The representatives from Monster.com will talk about how to manage study time, finances and balance social and academic responsibilities, Keffer said.

Both events will set the tone for what the students can expect and let them know that OUS offers cultural events, athletic events and students' organizations, just like any other college, she said.

Five years ago, OUS had only two student organizations. For the 2003-2004 year they will have more than 30, Keffer said.

"It just keeps growing. All have been student-generated, which is why I think it works," Keffer said. "They know what they will enjoy."

The cookout will feature a disc jockey, interactive games and an ice-cream social.
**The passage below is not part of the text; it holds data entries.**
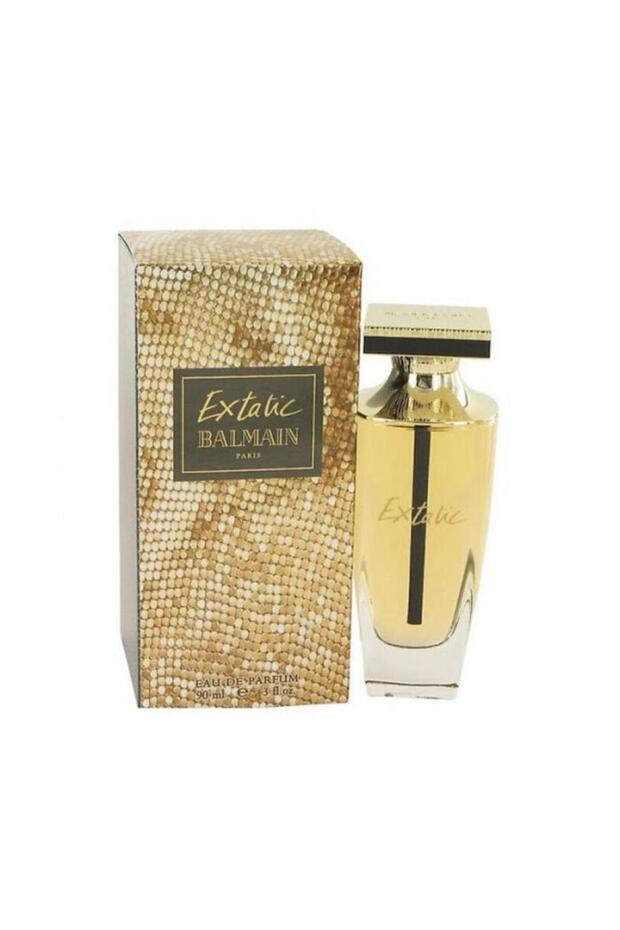 عطر إكستاتيك أو دو بارفان 90 مل - 1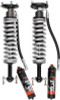 Fox 07-18 GM 1500 Performance Elite Series 2.5 Coilover Reservoir Shock - Pair - 883-06-164 Photo - Primary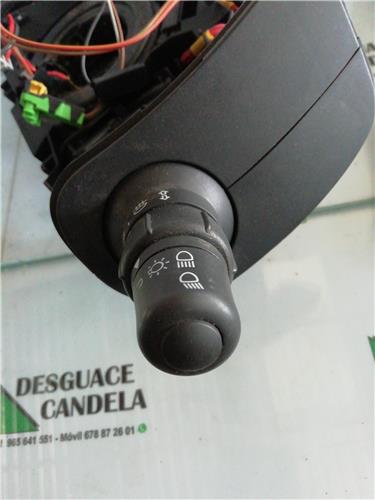 Mando De Luces Renault Kangoo II (F/KW0)(2008->) foto 4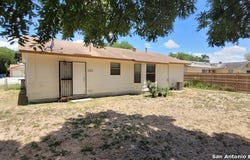 5810 WOODHILL, San Antonio, TX 78218-4739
Students can also pick up schedules and student identification cards.

"We want the students to leave here firm in the belief that they fit in," she said. "They made a decision and we want them to feel like they belong, that this is their community now."

Keffer wanted to encourage parents, friends, spouses and other members of the student's support group to attend the cook-out because a key to success in college is having support.

She said it is important for students to realize that starting college is a new chapter in their lives -- it should be exciting, but it is normal to be a little nervous.

"We believe we attract some of the best students in the Tri-State, but college can still be difficult," she said.

Events like these are designed to help students become more acclimated to college before the class work begins, she said.

"We want them to know that the faculty and staff want them to do well in the classroom, but also develop who they are."